:: Work request ::
Output the data below only from the line containing "Ensuite - Courtyard photo 4" up to and including the line containing "2608 Lockwood Dr #86, Saint Paul, MN 55120", exact and with the pictures left out.

:: Dataset records ::
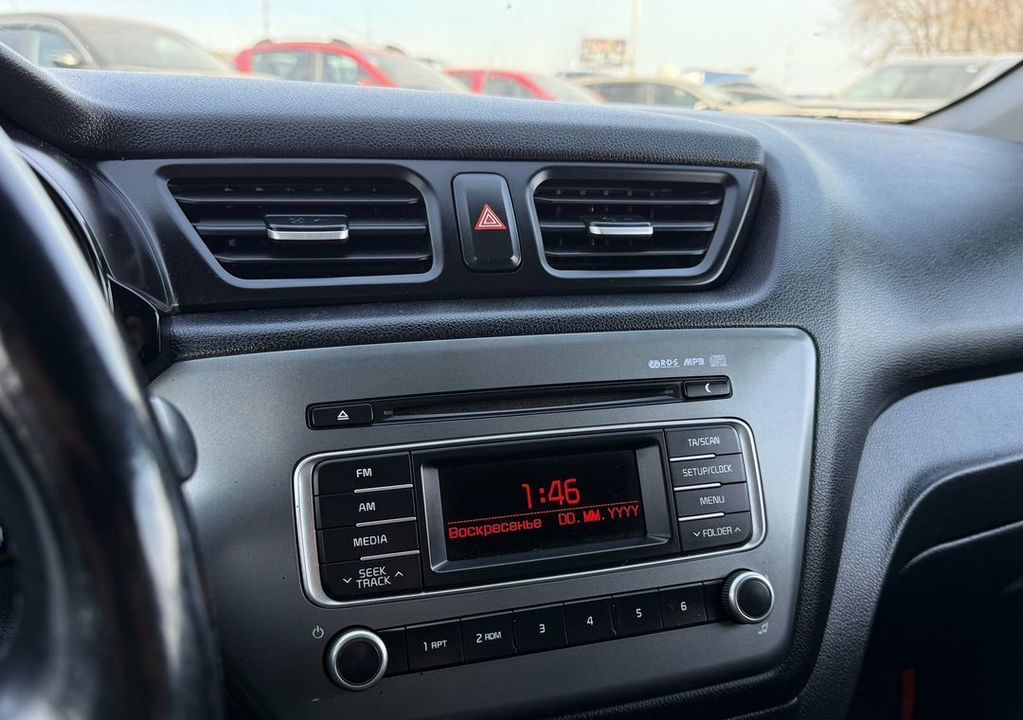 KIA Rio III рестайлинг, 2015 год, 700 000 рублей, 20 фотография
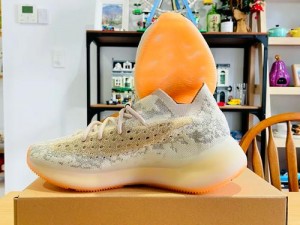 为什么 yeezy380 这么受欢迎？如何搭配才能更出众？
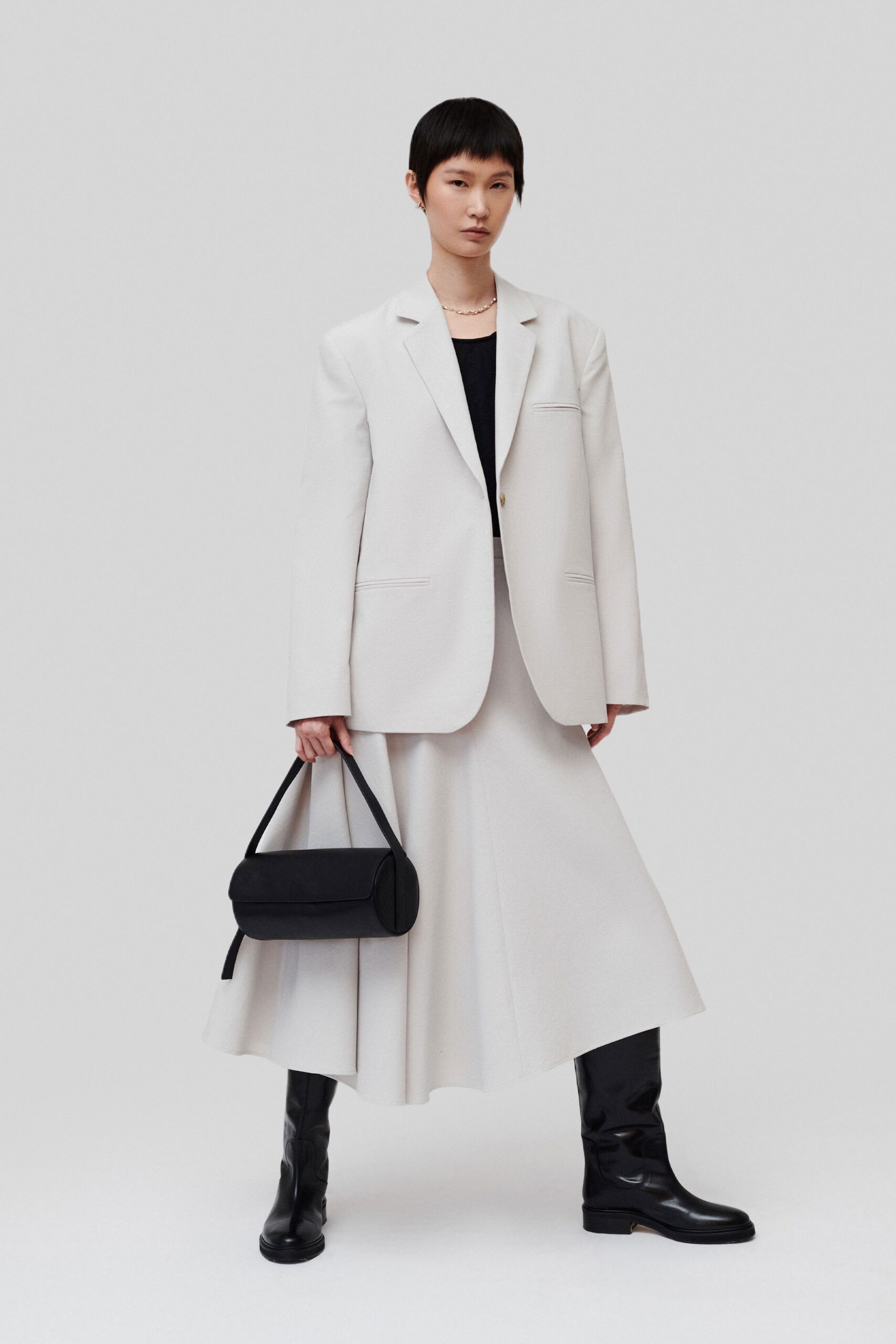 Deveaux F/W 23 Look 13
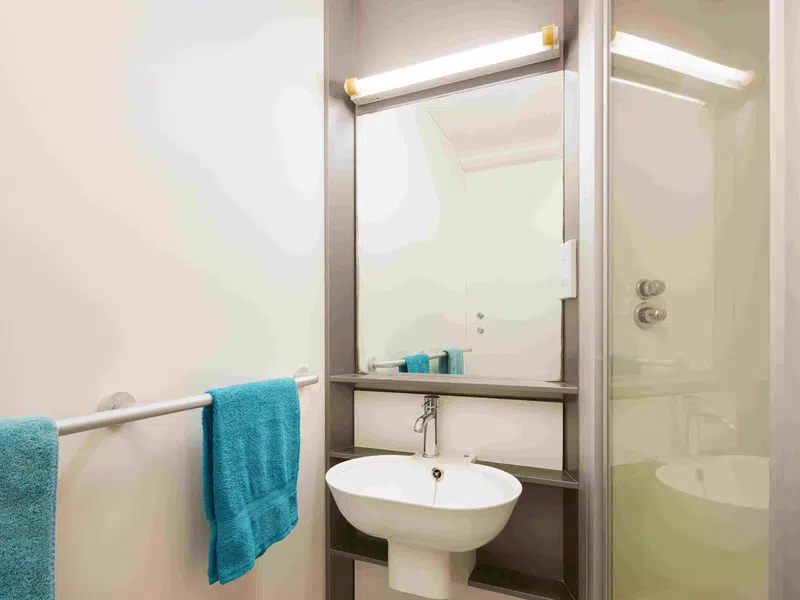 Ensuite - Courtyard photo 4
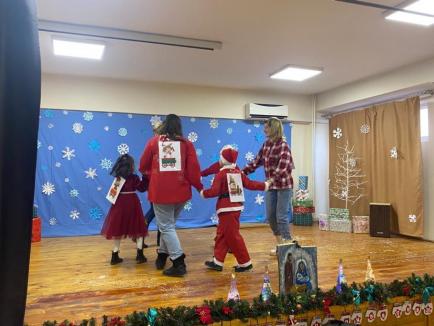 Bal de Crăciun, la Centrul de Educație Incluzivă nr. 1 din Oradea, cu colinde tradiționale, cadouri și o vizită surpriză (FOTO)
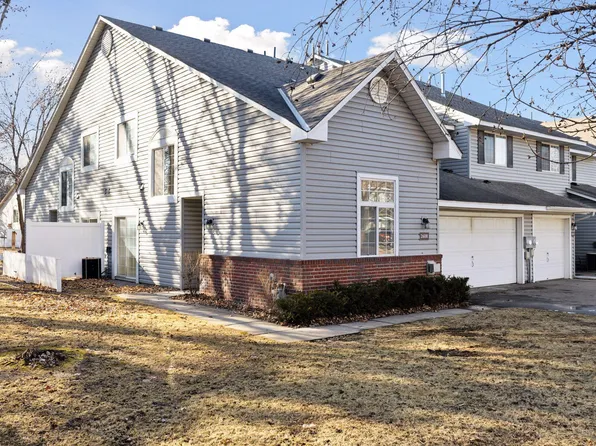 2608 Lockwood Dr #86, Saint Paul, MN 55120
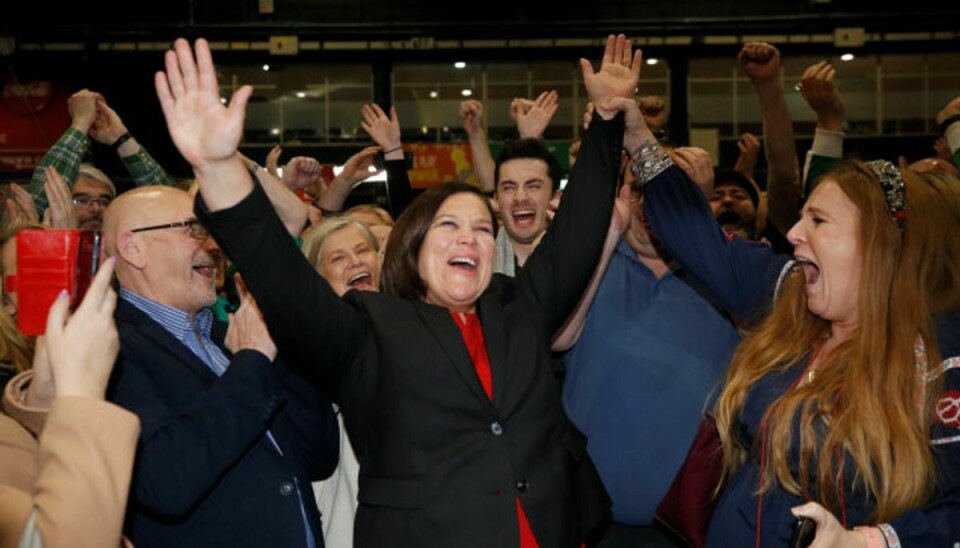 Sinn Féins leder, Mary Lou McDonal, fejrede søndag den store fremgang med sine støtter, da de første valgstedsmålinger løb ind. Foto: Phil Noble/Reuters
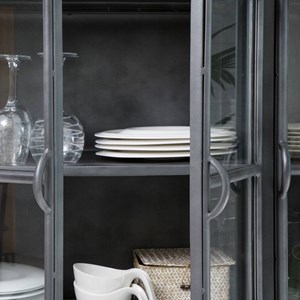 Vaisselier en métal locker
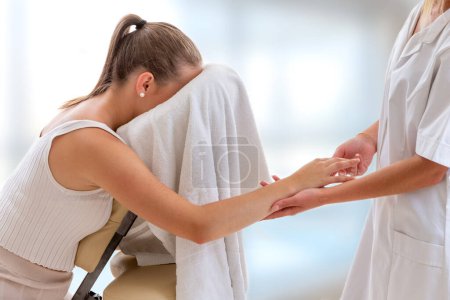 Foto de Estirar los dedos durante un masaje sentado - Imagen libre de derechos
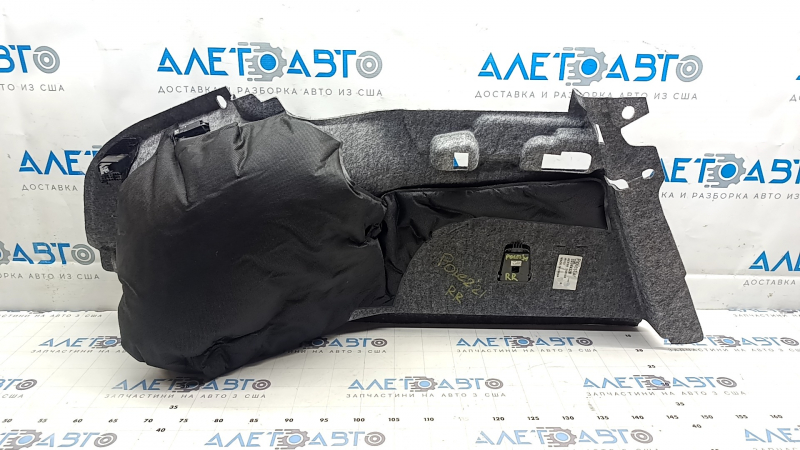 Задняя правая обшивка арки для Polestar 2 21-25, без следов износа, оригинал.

:: Exercise response ::
 Ensuite - Courtyard photo 4
 Bal de Crăciun, la Centrul de Educație Incluzivă nr. 1 din Oradea, cu colinde tradiționale, cadouri și o vizită surpriză (FOTO)
 2608 Lockwood Dr #86, Saint Paul, MN 55120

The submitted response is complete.